Random shuffling isn't thread-safe and may cause issues with the linker
here-abarany opened this issue · 9 comments
The current random shuffling that's enabled by default declares a static mt19937 randGenerator(9001)
in Triangulation.h. By declaring the variable as static
, this has two main effects:
- The variable will be shared across threads. This means that performing multiple Delaunay operations across different threads will interfere with the shuffling, and in worst case could break the random number distribution in the generator as the state is updated unsafely.
- A separate instance will be created in each .cpp file that includes Triangulation.h. If this happens in multiple .cpp files in a library, I'm not quite sure what would happen when the linker removes duplicate template instantiations that refer to the
randGenerator
object.
One option is to avoid a global object and create a stack object instead.
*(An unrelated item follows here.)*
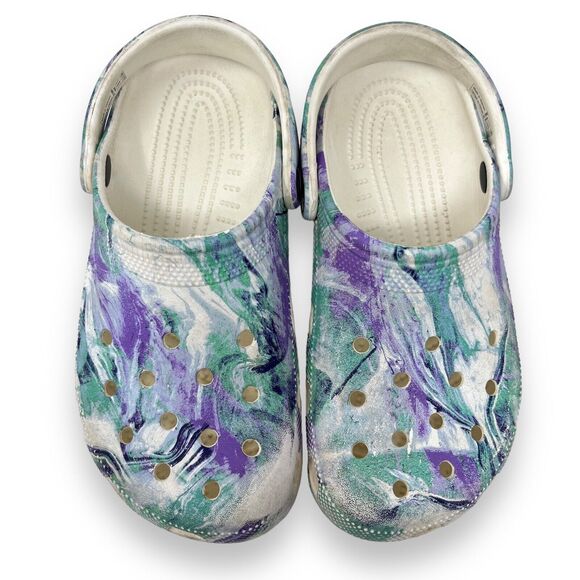 Crocs Classic Marbled Out of this World Clog Sandals Blue and White  Women's 8 - Picture 1 of 10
Given that you're re-seeding randGenerator
each time this would have the same performance. randGenerator
will be ~2.5 KB for its internal state, but this cost could be mitigated by moving the instance to the random_shuffle()
function so it's popped off the stack before any recursive operations occur.
A couple other things worth noting:
- The usage of
randGenerator() % (i + 1)
introduces bias. For this usage it probably doesn't really matter, but uniform_int_distribution would avoid any biasing. The implementation may change between systems, though, so an argument could be made to leave it as-is if you wish to keep the behavior truly repeatable. (or use one of these simple implementations, the "Debiased Modulo (Once)" method seems to be a good compromise between simplicity and speed) - Initializing Mersenne twister is quite expensive. I could see this constant cost becoming a factor for someone performing Delaunay on many small meshes. The available list of generators in the STL is unfortunately a bit behind the times, but today it's possible to have a non-garbage generator without the massive state of Mersenne twister. Some options are analyzed on this page, and given that you're only using a single seed for one operation SplitMix64 would be trivial to integrate and should have well distributed results while only using a single 64-bit number.
Thanks for opening the issue @here-abarany. I will take a closer look when I’m back at the keyboard.
@artem-ogre what are your plans for the changes on the 97-use-splitmix64-prng branch? I noticed that some of the tests are failing, presumably the "ground truth" tests are sensitive to the different shuffle order. Is it just a matter of finding the time to fix up the tests and any remaining cleanup, or are there other concerns that need to be investigated first?
@artem-ogre presumably the "ground truth" tests are sensitive to the different shuffle order
yes, in situations of polygons formed by concyclic points different vertex insertion order can produce different (but still correct) triangulation. Easy way to fix tests is to visually verify that triangulations are still correct and then regenerate the ground truth. But I had in mind solving this by detecting concyclic polygons and producing a unique triangulation. This would make tests less fragile. But this is a significant effort I did not find time for yet.
Does this mean that using randomized vs. unrandomized inputs should give the same results? If so that's definitely something we'd be very interested in.
Hi, I noticed that some work was done on this with the new-insertion-sequence branch. Do you have any updates on the status of that and when you might think it could be considered "done" and merged into master?
@here-abarany
Yes, the branch is almost ready, but I still need to test and investigate some corner-cases that are different.
Random generator change is a part of this branch.
Unfortunately, I have very little spare time to dedicate to CDT. I can't commit on any deadline, but I try my best.
Cool, thanks for the update.
Related: #112
Fixed.